Les incursions israéliennes dans des zones autonomes palestiniennes sont quotidiennes en Cisjordanie occupée, mais elles sont rarement d'une telle ampleur.
"Qu'est-il advenu de notre humanité?"
Depuis le début de la guerre à Gaza, les violences en Cisjordanie ont flambé.
L'ONU a chiffré mercredi à au moins 637 les Palestiniens tués par l'armée israélienne ou des colons depuis le 7 octobre. Au moins 19 Israéliens parmi lesquels des soldats y ont péri dans des attaques palestiniennes ou des opérations de l'armée, selon les données officielles israéliennes.
Dans la bande de Gaza, les secours gazaouis font état vendredi de nouvelles frappes israéliennes, recensent au moins trois morts dans un raid aérien sur l'est de Khan Younès (sud), et deux autres, dont un enfant, dans une frappe sur le camp de réfugiés de Jabaliya (nord).
L'armée dit avoir frappé un lanceur de projectiles d'où des tirs avaient été effectués vers le territoire israélien. Elle affirme en outre avoir tué des "dizaines" de combattants dans le sud et le centre de la bande de Gaza au cours des dernières 24 heures.
Sur 251 personnes enlevées le 7 octobre par les militants palestiniens, 103 sont toujours retenues à Gaza, dont 33 déclarées mortes par l'armée.
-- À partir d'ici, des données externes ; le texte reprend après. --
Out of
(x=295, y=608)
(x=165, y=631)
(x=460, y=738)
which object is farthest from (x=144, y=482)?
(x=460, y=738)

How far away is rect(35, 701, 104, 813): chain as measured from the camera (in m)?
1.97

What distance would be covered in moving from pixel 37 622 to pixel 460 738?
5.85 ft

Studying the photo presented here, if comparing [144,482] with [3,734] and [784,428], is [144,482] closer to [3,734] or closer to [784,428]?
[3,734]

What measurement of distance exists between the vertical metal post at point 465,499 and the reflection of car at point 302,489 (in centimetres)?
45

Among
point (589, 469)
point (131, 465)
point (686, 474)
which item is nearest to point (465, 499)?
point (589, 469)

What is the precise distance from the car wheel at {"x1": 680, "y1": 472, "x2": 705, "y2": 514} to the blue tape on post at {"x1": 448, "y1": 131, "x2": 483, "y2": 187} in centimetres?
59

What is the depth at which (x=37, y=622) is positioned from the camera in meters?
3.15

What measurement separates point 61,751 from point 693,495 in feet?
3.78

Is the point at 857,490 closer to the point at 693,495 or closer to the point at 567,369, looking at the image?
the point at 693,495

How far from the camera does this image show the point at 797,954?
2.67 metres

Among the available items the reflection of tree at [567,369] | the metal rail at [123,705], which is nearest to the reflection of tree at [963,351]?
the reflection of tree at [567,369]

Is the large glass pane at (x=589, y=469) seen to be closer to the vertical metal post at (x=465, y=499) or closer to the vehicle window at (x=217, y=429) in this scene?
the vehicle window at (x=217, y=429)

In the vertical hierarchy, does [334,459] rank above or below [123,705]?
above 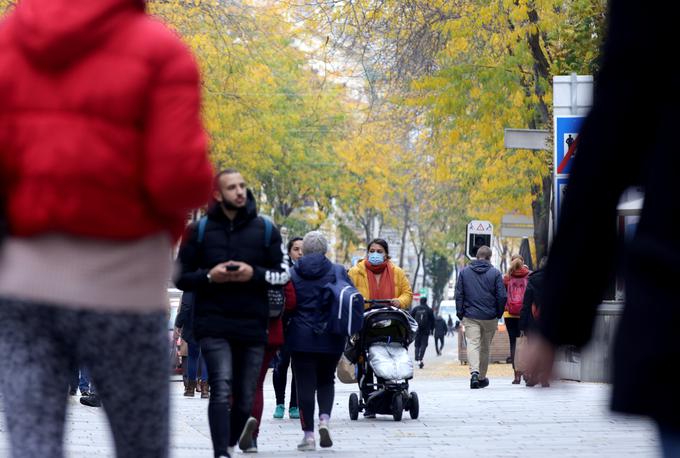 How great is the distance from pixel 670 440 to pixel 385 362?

Les représailles israéliennes à Gaza ont fait au moins 40.602 morts, selon le ministère de la Santé à Gaza, et provoqué un désastre humanitaire et sanitaire dans le territoire assiégé.
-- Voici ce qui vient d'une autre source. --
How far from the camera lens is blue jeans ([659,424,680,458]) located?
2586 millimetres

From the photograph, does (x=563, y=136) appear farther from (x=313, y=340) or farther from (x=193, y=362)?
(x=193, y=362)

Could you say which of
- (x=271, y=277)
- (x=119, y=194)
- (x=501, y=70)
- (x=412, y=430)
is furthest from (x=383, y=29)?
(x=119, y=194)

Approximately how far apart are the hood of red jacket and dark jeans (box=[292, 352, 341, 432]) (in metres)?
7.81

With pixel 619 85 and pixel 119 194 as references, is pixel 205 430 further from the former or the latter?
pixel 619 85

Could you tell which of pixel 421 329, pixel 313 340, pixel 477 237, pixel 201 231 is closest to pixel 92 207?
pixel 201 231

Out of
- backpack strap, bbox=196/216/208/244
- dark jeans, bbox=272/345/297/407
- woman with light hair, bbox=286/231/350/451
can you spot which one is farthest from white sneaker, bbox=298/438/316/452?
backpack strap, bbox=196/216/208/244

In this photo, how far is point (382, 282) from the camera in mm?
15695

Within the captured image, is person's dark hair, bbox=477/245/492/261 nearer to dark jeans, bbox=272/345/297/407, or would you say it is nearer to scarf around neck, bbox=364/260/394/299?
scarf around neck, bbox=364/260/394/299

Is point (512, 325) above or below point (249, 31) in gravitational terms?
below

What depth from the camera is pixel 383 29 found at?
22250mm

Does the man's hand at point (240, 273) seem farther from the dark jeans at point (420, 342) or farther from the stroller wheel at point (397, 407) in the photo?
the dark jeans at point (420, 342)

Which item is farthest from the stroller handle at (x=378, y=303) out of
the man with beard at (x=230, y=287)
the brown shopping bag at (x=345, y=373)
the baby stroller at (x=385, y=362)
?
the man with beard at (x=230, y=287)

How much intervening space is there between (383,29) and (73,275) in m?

La plupart des 2,4 millions d'habitants du territoire palestinien ont été déplacés en près de 11 mois de guerre.
Seule lueur d'espoir: un responsable de l'Organisation mondiale de la Santé (OMS) a annoncé jeudi qu'Israël avait accepté des "pauses humanitaires" de trois journées chacune, à raison de plusieurs heures par jour, pour lancer dimanche la vaccination des enfants contre la polio, après l'annonce d'un premier cas confirmé.
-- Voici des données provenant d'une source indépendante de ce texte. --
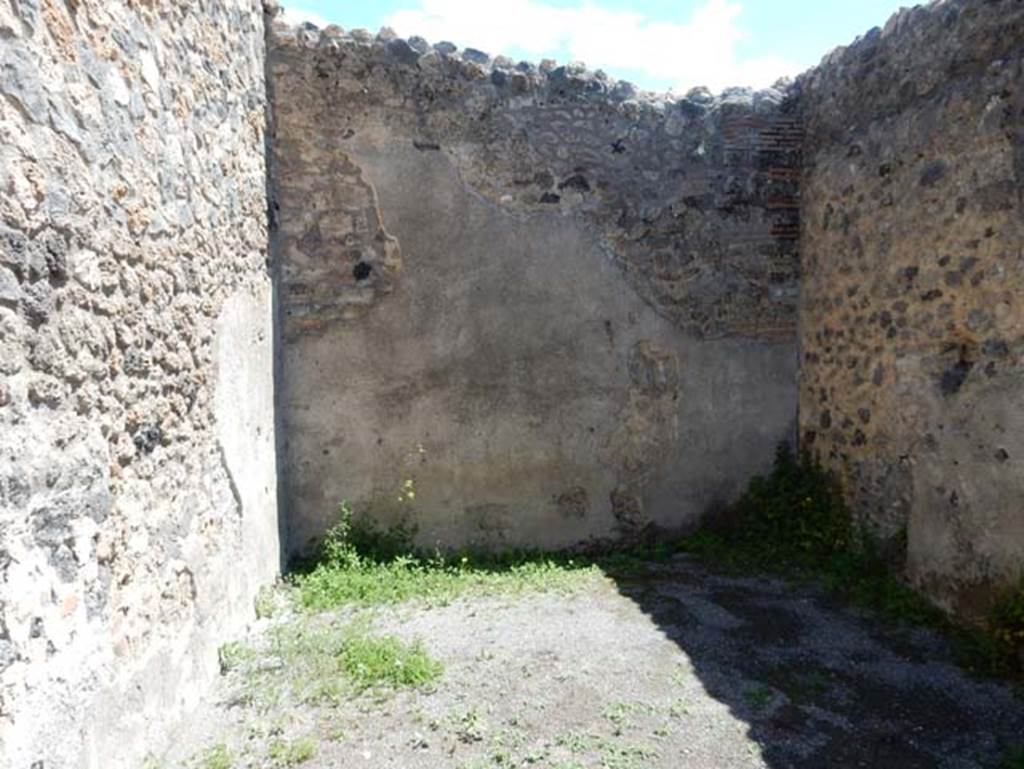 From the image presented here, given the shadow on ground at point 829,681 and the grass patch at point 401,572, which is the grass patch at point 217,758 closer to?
the grass patch at point 401,572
L'ambassadeur américain adjoint à l'ONU Robert Wood a appelé Israël à "assurer des périodes de calme et à s'abstenir d'opérations militaires" pendant ces périodes, et à "éviter de nouveaux ordres d'évacuation".
Des ordres d'évacuation que la cheffe par intérim du bureau humanitaire de l'ONU (Ocha), Joyce Msuya, a dénoncé devant le Conseil de sécurité de l'ONU -- 16 depuis début août --, forçant la population à se déplacer sans cesse, vivant "dans l'incertitude, sans savoir quand le prochain ordre arrivera".
"Les civils ont faim. Ils ont soif. Ils sont malades. Ils sont sans abri. Ils ont été poussés au-delà des limites de leur résistance, au-delà de ce que tout être humain devrait endurer", a-t-elle dit.
"Ce dont nous avons été témoins ces 11 derniers mois (...) remet en question l'engagement du monde envers le droit international créé pour empêcher ces tragédies", a-t-elle déploré.
"Cela nous force à demander: qu'est-il advenu de notre humanité élémentaire?".